Un théâtre de l’authenticité

Ce qui frappe lorsqu’on se trouve face à la scène, c’est la simplicité du décor. Une table, un ordinateur, et Édouard Louis installé devant, occupé à écrire. Cette image forme la structure du spectacle  : Édouard Louis est avant tout écrivain, et c’est en tant qu’écrivain qu’il se présente à nous. Thomas Ostermeier nous dirige droit au cœur de l’intimité d’Édouard Louis par cette mise en espace presque trop épurée, heureusement rattrapée par la projection de films et de photos sur un écran gigantesque.

Ces images, principalement tournées depuis une voiture, donnent à voir les paysages du nord de la France, des photos de familles, et accompagnent le discours du jeune auteur. Édouard Louis, vêtu d’un t-shirt identique à celui qu’il porte enfant sur les photos, ne joue pas. Il offre son texte devant une assemblée et renoue ainsi, selon Ostermeier avec une certaine tradition théâtrale.

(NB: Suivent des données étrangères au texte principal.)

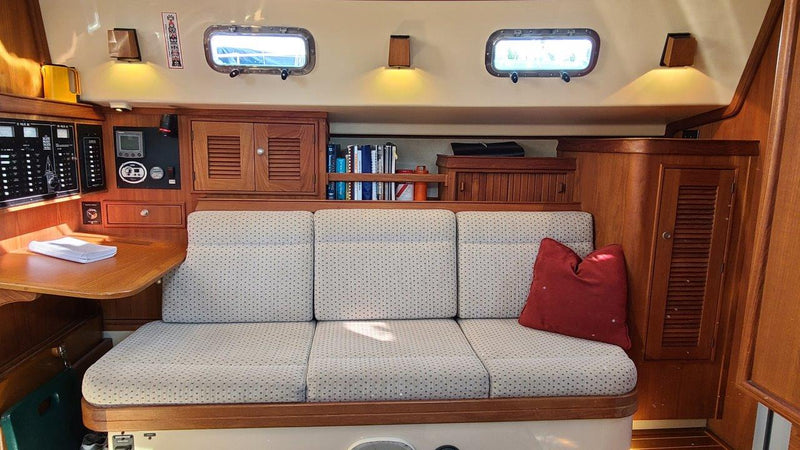 1999 Island Packet 350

« Cela nous ramène aux sources du théâtre, au moment où un individu prend la parole devant la communauté rassemblée pour raconter son histoire. »

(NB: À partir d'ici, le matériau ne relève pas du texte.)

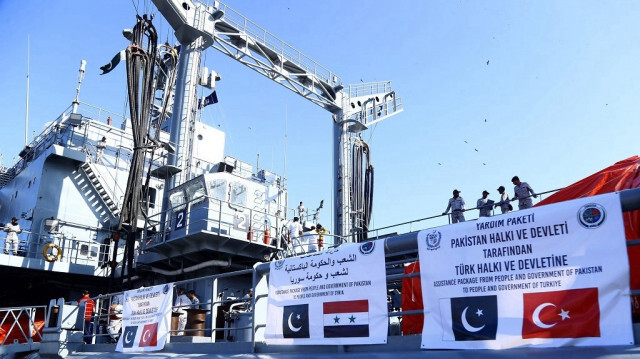 Le premier navire de la marine pakistanaise, transportant 1 000 tonnes d'aide aux sinistrés en Turkiye. Crédit photo: AA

Thomas Ostermeier, Entretien pour le Théatre de la Ville

Le spectacle évite donc un écueil important  : l’authenticité du rapport d’Édouard Louis à son propre texte nous empêche de le considérer comme un acteur, nous empêche de percevoir l’action scénique comme fictive. En plus de proposer au public une expérience très forte en lui donnant accès à un tel degré d’intimité, le spectacle interroge également le statut du théâtre. Le risque pris par Édouard Louis, en se livrant aussi pleinement sur scène, questionne efficacement notre place de spectateur. À la limite entre le théâtre et la performance, la réussite de la mise en scène tient donc à l’organisation d’une forme théâtrale de «  pacte autobiographique  » qui nous invite à nous plonger dans la mémoire d’Édouard Louis.

© Jean-Louis Fernandez

Arpenter les souvenirs

En effet, la projection, et peut-être plus encore la musique, nous invite à parcourir une région du souvenir et observer des paysages mémoriels. L’image, d’abord grisâtre semble d’abord nous présenter une route déserte, seulement fréquentée par la voiture à bord de laquelle se trouve la caméra. Edouard Louis vient d’évoquer qu’il priait, chaque soir en rentrant de l’école, pour trouver l’emplacement de la voiture de son père devant leur maison vide, la voiture loin, son père absent, lui accordait alors quelques heures de liberté. À l’écran derrière lui, l’image se teinte de rose, la voiture accélère au son des notes de Barbie Girl. Les paysages du film sont ceux qui abritent les souvenirs d’Édouard Louis  : parfois abstraits, parfois fixes comme ce long plan sur une usine, parfois mobile le temps d’une déambulation dans un cimetière.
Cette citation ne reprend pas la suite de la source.